Por isso, os produtos multifuncionais que apresentam diversos e evidentes benefícios, como, por exemplo, cremes faciais que hidratam a pele, previnem rugas, oferecem proteção solar, controlam o brilho e fornecem vitaminas à pele, costumam despertar o interesse dos consumidores. E eles aceitam pagar o preço por todas essas qualidades. Entre as principais empresas de cosméticos do país, o tíquete médio das compras feitas por homens gira em torno de R$ 100.

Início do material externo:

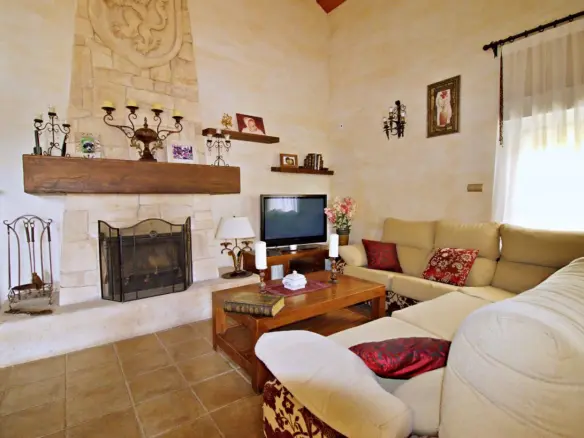 5-bedroom Villa In Elche, Spain (509 M²)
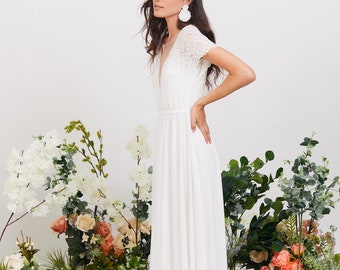 Simple Boho Wedding Dress, Comfortable and Effortlessly Beautiful Lace  Wedding Dress, Beach Wedding Dress, Garden Wedding Dress - Etsy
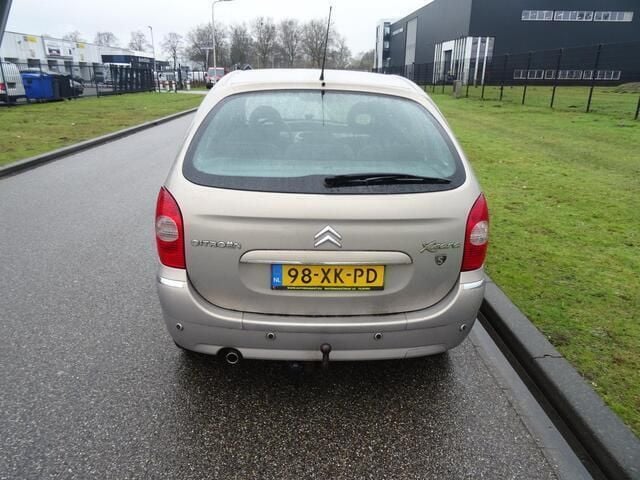 Occasion Citroën Xsara Picasso 109 PK (80 kW) 2007 Beige, metallic lak MPV
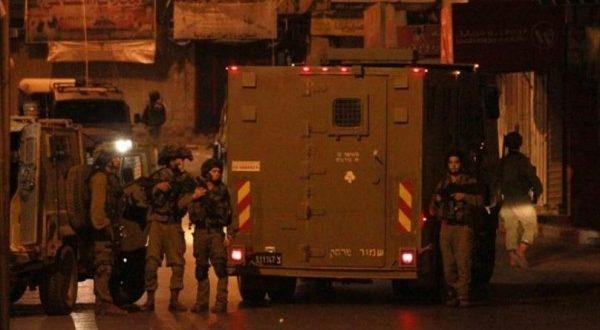الاحتلال يعتقل شابا  من بلدة قطنة شمال غربي القدس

“Sabemos que o homem é racional e objetivo na hora de se cuidar. Ele procura por produtos que mostrem benefícios e resultados tangíveis, e espera que tais itens sejam personalizados, criados com foco em seus interesses e desejos”, conclui Basilio, da ABIHPEC.
A evolução das vendas em algumas categorias
Nos últimos cinco anos e a previsão até 2021, em R$ milhões
Fenômeno estimula cuidados com a saúde dos homens
A busca de orientação para cuidar da pele, da barba e do cabelo tem levado mais brasileiros a procurar ajuda médica. A dermatologista Denise Steiner conta que há dez anos era raro um homem aparecer em seu consultório com queixa relacionada à qualidade da pele, aparecimento de rugas ou manchas. “Agora, cerca de 30% dos meus pacientes são homens”, ela diz. “Eles vêm espontaneamente em busca de soluções para melhorar a aparência da pele, prevenir o envelhecimento e manter um rosto mais bem cuidado.”
O tricologista Luciano Barsanti, diretor médico do Instituto do Cabelo e presidente da Sociedade Brasileira de Tricologia (SBC), confirma essa tendência. Segundo ele, no passado o que levava os homens ao consultório era principalmente a luta contra a calvície. “Hoje, chegam por diversos motivos”, afirma. “Buscam, por exemplo, orientações ou tratamentos para tornar a barba mais densa, hidratada e brilhante ou para cuidar de acnes, dermatites ou foliculites.”
Estimular a ida dos homens ao médico, mesmo que inicialmente apenas por razões estéticas, é outro benefício dessa transformação. A partir do dermatologista, eles podem receber orientação e incentivo para buscar outros tratamentos preventivos, um cuidado que, como se sabe, não é uma prática comum entre os brasileiros.